4. The toy ball of claim 1, wherein said first and second shells
are hemispherical shells.
5. The toy ball of claim 1, wherein said first and second shells
are transparent.
6. The toy ball of claim 5, wherein indicia is imprinted on at
least one of said shells.
7. The toy ball of claim 1, wherein said at least one lock
mechanism is opaque.
8. The toy ball of claim 1, wherein a lip is formed along a
periphery of said at least one lock mechanism, said lip engaging a
corresponding recess on each of said first and second shells.
9. The toy ball of claim 8, wherein said lip is annular and said
corresponding recess on each of said first and second shells is
annular.
10. The toy ball of claim 1, wherein said at least one lock
mechanism includes a boss extending therefrom.

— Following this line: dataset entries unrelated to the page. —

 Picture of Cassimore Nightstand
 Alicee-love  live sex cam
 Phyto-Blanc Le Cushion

11. The toy ball of claim 10, wherein said first and second shells
are adapted to be connected together to form at least one aperture
disposed along said seam, and wherein said boss extending from said
at least one lock mechanism is adapted to be received in said
aperture.
12. The toy ball of claim 1, wherein said first and second shells
are adapted to be connected together using a process selected from
the group consisting of ultrasonic welding, heat sealing,
dielectric welding, and chemical bonding.

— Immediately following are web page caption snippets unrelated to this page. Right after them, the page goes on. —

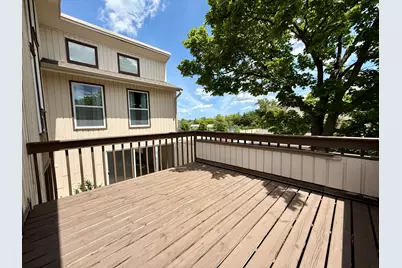 1224 W Baldwin Ct, Mequon, WI 53092 - Photo 36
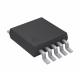 Original MSOP-10 AD5063BRMZ IC chips Integrated Circuit ADC Electronic components BOM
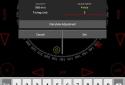 Sniper Calculator screenshot 10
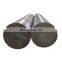 Prime Diameter 90mm Alloy Steel Round Bar 30CrNiMo8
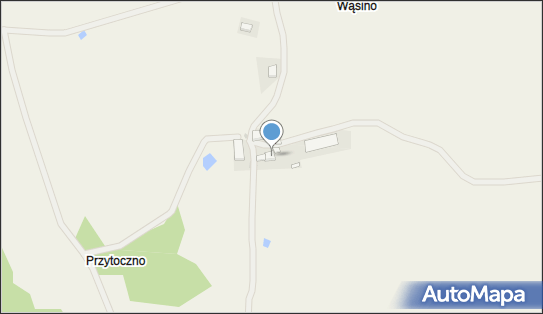 OSP w Pieskach, Pieski 1, Pieski 84-312 - Przedsiębiorstwo, Firma, NIP: 8411593945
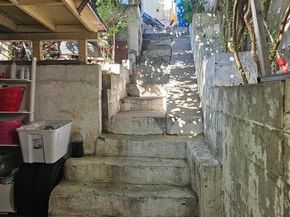 2305 W 2nd Street, Los Angeles CA 90057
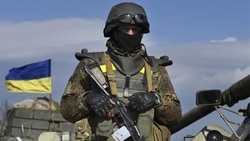 پنتاگون از ارسال جنگنده میگ به اوکراین می ترسد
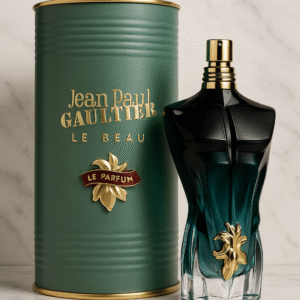 JEANPAULGAULTIER"LEBEAU"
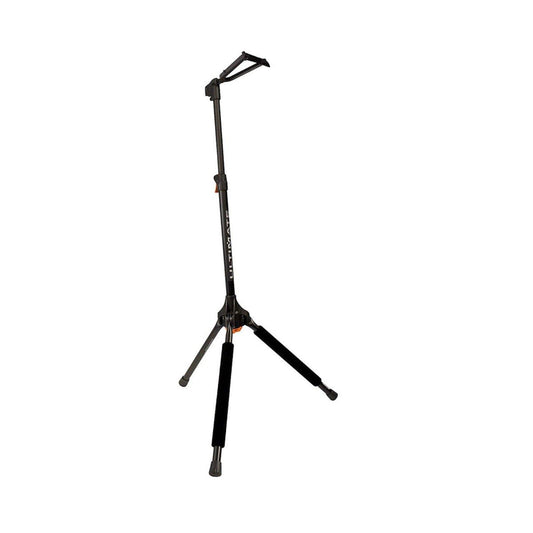 jpg_1500x1500_45043344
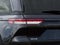 Jeep Grand Cherokee 2026 GRAND CHEROKEE LIMITED RESERVE 4X4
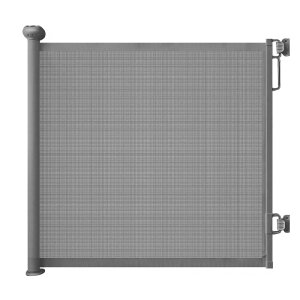 ybgQ[g ybgtFX Ԋu [ xr[Q[g  Ki  Lb` Ԃ Xg[ Eh~ Nh~ hAXgbp[ tȒP  Q[g tFX   X`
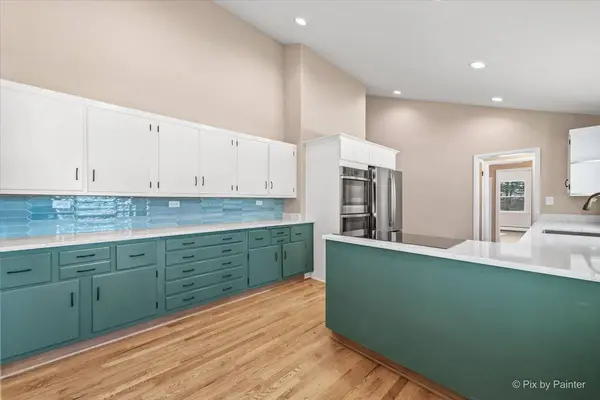 4509 Dean ST, Woodstock, IL 60098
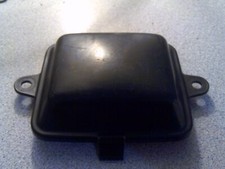 Honda cbx550f2 wiring for sale  NOTTINGHAM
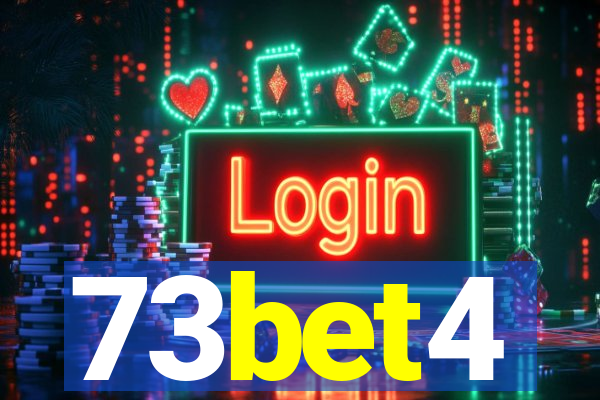 73bet4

13. The toy ball of claim 1, wherein said at least one lock
mechanism adapted to be attached to said sphere using a process
selected from the group consisting of ultrasonic welding, heat
sealing, dielectric welding, and chemical bonding.
14. The toy ball of claim 1, wherein said at least one lock
mechanism comprises two lock mechanisms located at diametrically
opposite positions with respect to each other on said sphere.
15. The toy ball of claim 14, wherein each of said two lock
mechanisms includes a boss extending therefrom.
16. The toy ball of claim 15, wherein an axle is mounted between
the bosses extending from said two lock mechanisms.
17. The toy ball of claim 16, wherein an entertainment element is
mounted on said axle.
18. The toy ball of claim 1, wherein at least one entertainment
item is housed within said sphere.
19. The toy ball of claim 1, wherein said first and second
hemispherical shells comprise: at least one flange extending along
a peripheral surface of said first shell, said flange following a
surface contour of said first shell; and at least one channel
disposed in a peripheral surface of said second shell, said channel
configured to receive said flange when said first and second shells
are connected together.
20. The toy ball of claim 19, wherein said first shell has at least
two flanges, and said second shell has at least two channels.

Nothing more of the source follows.